To do:
Here the job is to transcribe the data verbatim while leaving each picture out.

Web page caption snippets:
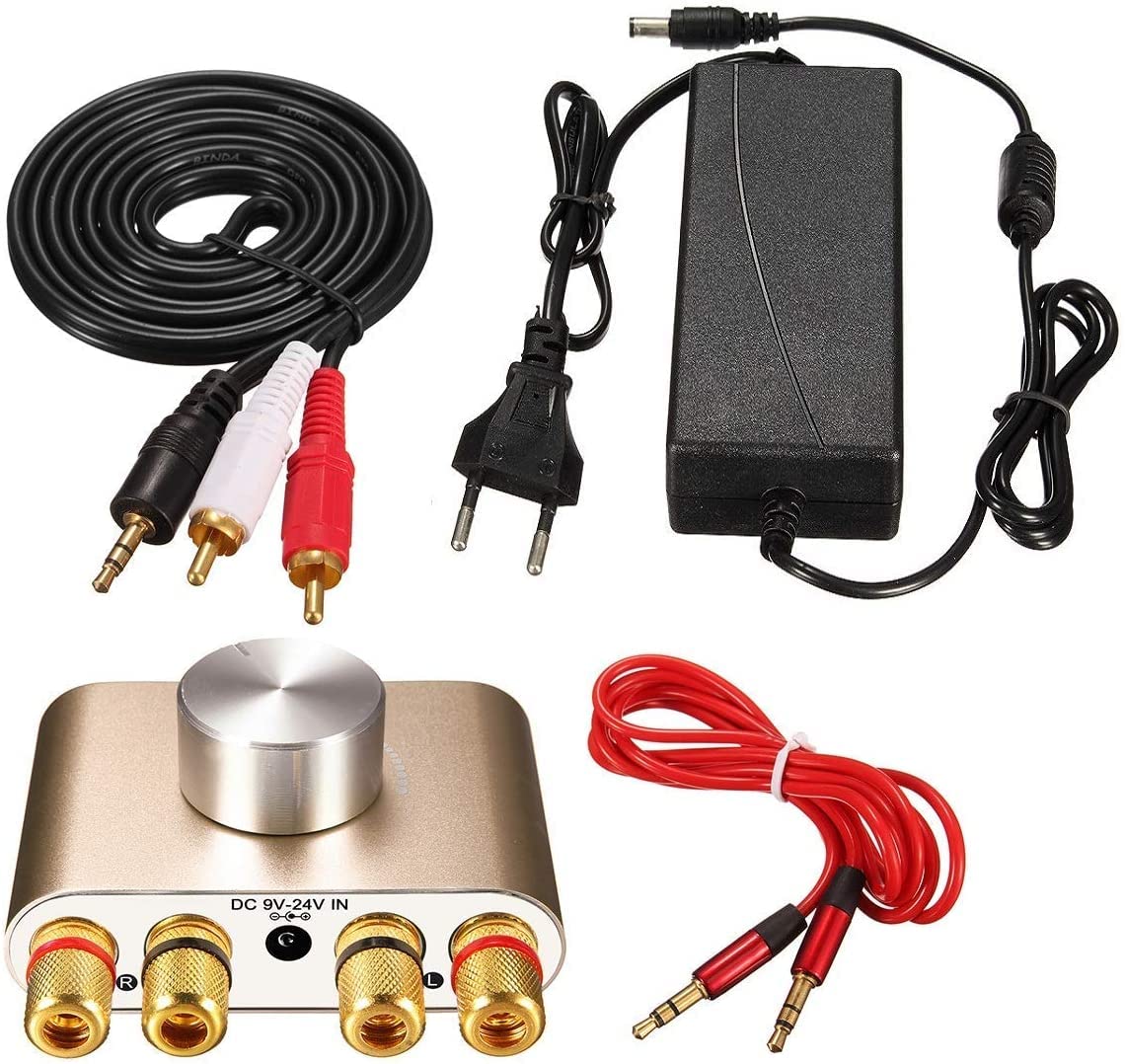 TPA3110 30W * 2 Mini estéreo de audio de dos canales Amplificador Bluetooth inalámbrico Amplificador de potencia de señal digital para Tablet PC Smartphone Laptops ect - Oro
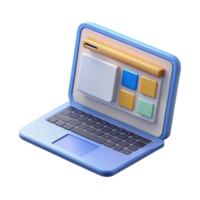 wonderful traditional Laptop computer open displaying website wireframe 4K png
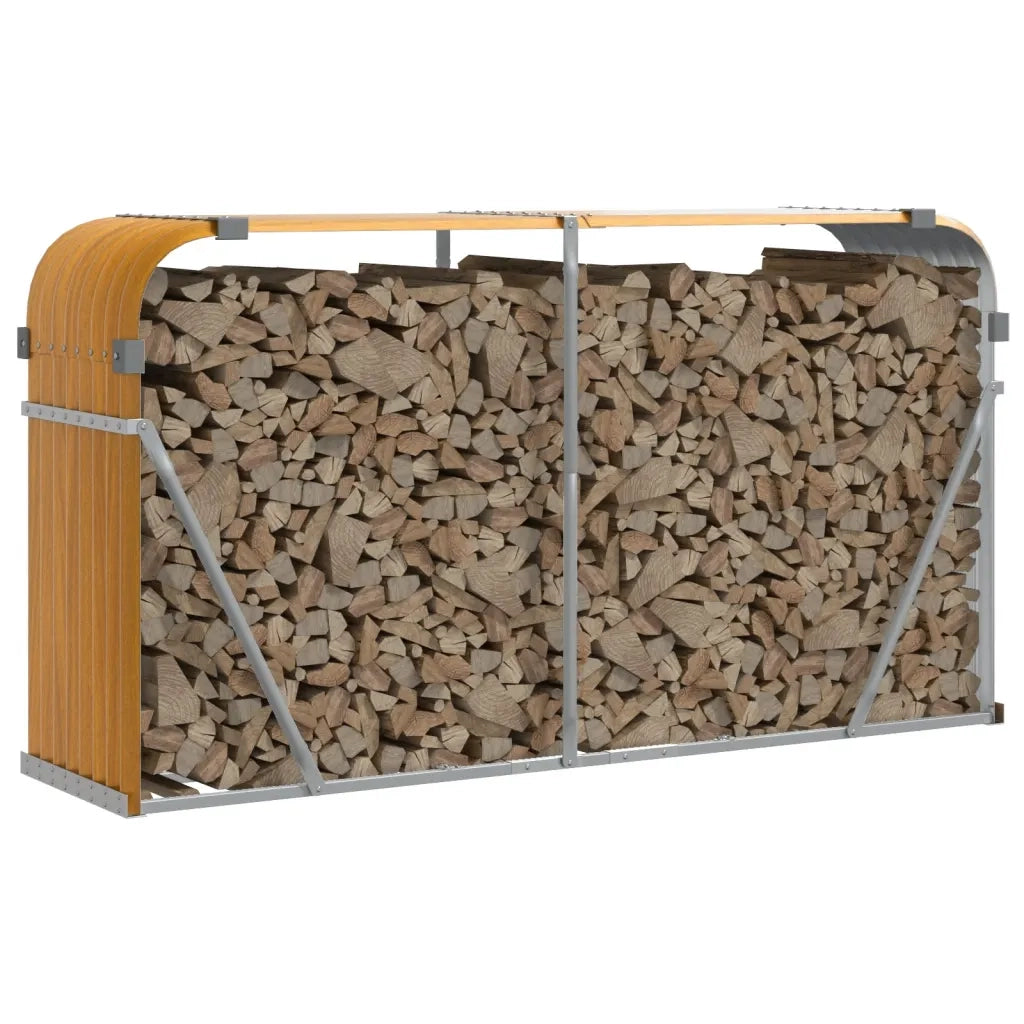 Portaceppi Effetto Legno 180x45x100 cm in Acciaio Zincato CFW5502119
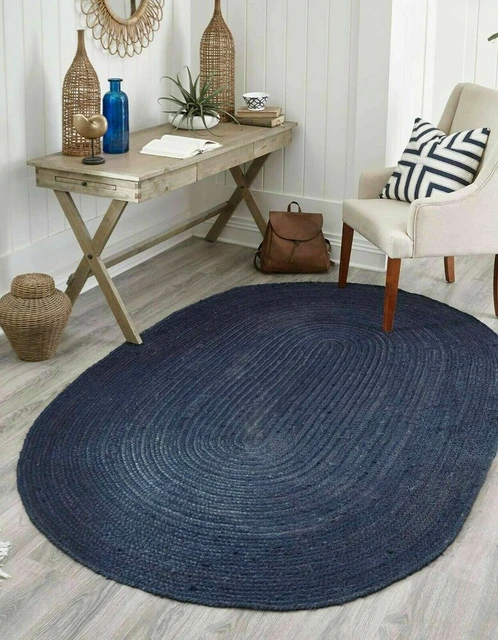 Oval Jute Rug 6'x9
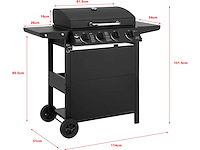 El fuego® gasgrill "san jose 4 branders" - afbeelding 5 van  6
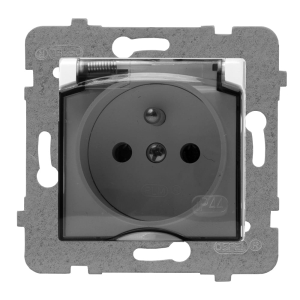 Gniazdo wtyczkowe hermetyczne z/u  bez ramki IP44  ROSA białe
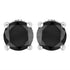 .925 Sterling Silver 2.00 Cttw Round Brilliant-Cut Black Diamond Classic 4-Prong Stud Earrings with Screw Backs (Fancy Color-Enhanced, I2-I3 Clarity) by Bids.com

Output of the exercise:
 TPA3110 30W * 2 Mini estéreo de audio de dos canales Amplificador Bluetooth inalámbrico Amplificador de potencia de señal digital para Tablet PC Smartphone Laptops ect - Oro
 wonderful traditional Laptop computer open displaying website wireframe 4K png
 Portaceppi Effetto Legno 180x45x100 cm in Acciaio Zincato CFW5502119
 Oval Jute Rug 6'x9
 El fuego® gasgrill "san jose 4 branders" - afbeelding 5 van  6
 Gniazdo wtyczkowe hermetyczne z/u  bez ramki IP44  ROSA białe
 .925 Sterling Silver 2.00 Cttw Round Brilliant-Cut Black Diamond Classic 4-Prong Stud Earrings with Screw Backs (Fancy Color-Enhanced, I2-I3 Clarity) by Bids.com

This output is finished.